O gosto pelo poder

Diz a lenda que no fim do mandato dos governantes nem mesmo o cafezinho é servido com o zelo e a qualidade habituais, uma cruel demonstração de ingratidão por quem se dispôs a servir a sociedade com tanto empenho que não mediu esforços na disputa pelo sufrágio de seu nome para merecer tamanho privilégio.

O poder é fascinante, e o simples prenúncio de seu fim apavora e desperta uma atroz melancolia na maioria das pessoas investidas em cargos de comando, seja um presidente da República, de um sindicato ou clube, um síndico de prédio ou o mandachuva de uma grande empresa.
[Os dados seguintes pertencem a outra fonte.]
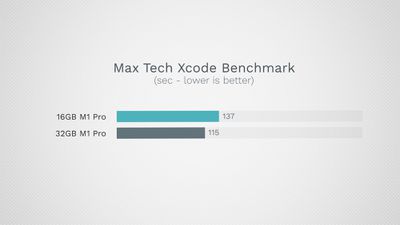 m1 pro xcode benchmark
Imaginar-se sem o assédio e as mesuras do dia-a-dia pode ser aterrador para quem se acostumou a ser o centro das atenções, o alvo de críticas e elogios, raramente sinceros. O poder não é para qualquer um, e talvez por isso seja tão difícil ter a pessoa certa naquele lugar que o presidente Lula chamou de “o ápice de um ser humano”.

As pessoas erradas, tão freqüentes em presidências, prefeituras, gerências e que tais, são as que se deixam embriagar pelos voláteis eflúvios do poder, as mesmas que tentam quase heroicamente resistir à ordem superior – em geral a voz do povo – para apear do cavalo.

Embora o jogo do poder tenha regras, a tentação de quebrá-las é quase sempre inerradicável. Que o diga a legião dos inconformados, aterrorizados ante a perspectiva do fim do mandato: o venezuelano Hugo Chávez, que providencia a mudança da Constituição para poder se reeleger perpetuamente; Álvaro Uribe, da Colômbia, de olho em um terceiro mandato; Vladimir Putin, que, mais engenhoso, sai em 2008, é nomeado primeiro-ministro, reforma - como o leitor certamente adivinhou - a Constituição da Rússia e se reelege em 2012.

Bill Clinton, decerto saudoso dos bons tempos de presidente, poderá ter o consolo de ser o consorte de Hillary, se tudo der certo, quem sabe, por oito anos. Néstor Kirchner foi mais original, cedendo a vez à mulher na presidência da Argentina para, revigorado, tentar em 2012 uma reprise da recém-concluída dança de cadeiras conjugal.

Um dos pilares da democracia é a alternância do poder, embora muitas nações permitam que o mandatário da vez repita a dose em uma ou mais reeleições. Mas o tempo, esse tirano, sempre torna tudo efêmero; e o inescapável fim das coisas logo desponta ao fim de uma curva.

Como é preciso manter as aparências, modificar a Carta é a artimanha preferida também na América Latina. Fernando Henrique Cardoso fez isso em 1997, emendando, sabe-se lá a que preço, a Constituição votada apenas nove anos atrás, para poder reeleger-se, e dizem as más línguas que o presidente Lula muito apreciaria antecipar para 2010 a sua volta prevista, se os ventos lhe forem favoráveis, para 2014.

Mas Lula jura que não, que com a democracia não se brinca, e manda aquele seu discretíssimo assessor Luiz Dulci e ministros afirmarem com ensaiada convicção que ele desautoriza a iniciativa e não tem nada a ver com a idéia absurda de um terceiro mandato sucessivo. Enquanto isso, a proposta de emenda constitucional que renovaria as regras do jogo a partir de uma espécie de “começar de novo” tramita na Câmara...

Desde que as sordidezes petista, tucana e pemedebista, com esta ou aquela exceção, se tornaram tão evidentes quanto indistinguíveis, que tanto faz Lula como Aécio Neves ou José Serra, a emenda do tri que favoreceria o carismático ex-metalúrgico tem, sim, boas chances de prosperar.

Lula da Silva surfa em invejáveis 60% de aprovação, o país conquistará o grau de investimento, a Bovespa saiu de 14.400 pontos em 2002 para 65.317 em outubro de 2007; a indústria e os bancos lucram como nunca antes, a construção civil está a toda e o consumo segue em alta acelerada; a Polícia Federal prende às mancheias, agora sem alarde; e para completar, a Copa de 2014 será no Brasil, o éden tropical.

Logo, por que correr riscos? Certo pelo incerto, para os pragmáticos é mais fácil embarcar no carisma de Lula e praticamente garantir o futuro à sua sombra.

Pelo sonho de consumo do poder eterno, ou quase, sempre se dá um jeito; toma-se, de preferência, o caminho mais curto, cômodo e seguro.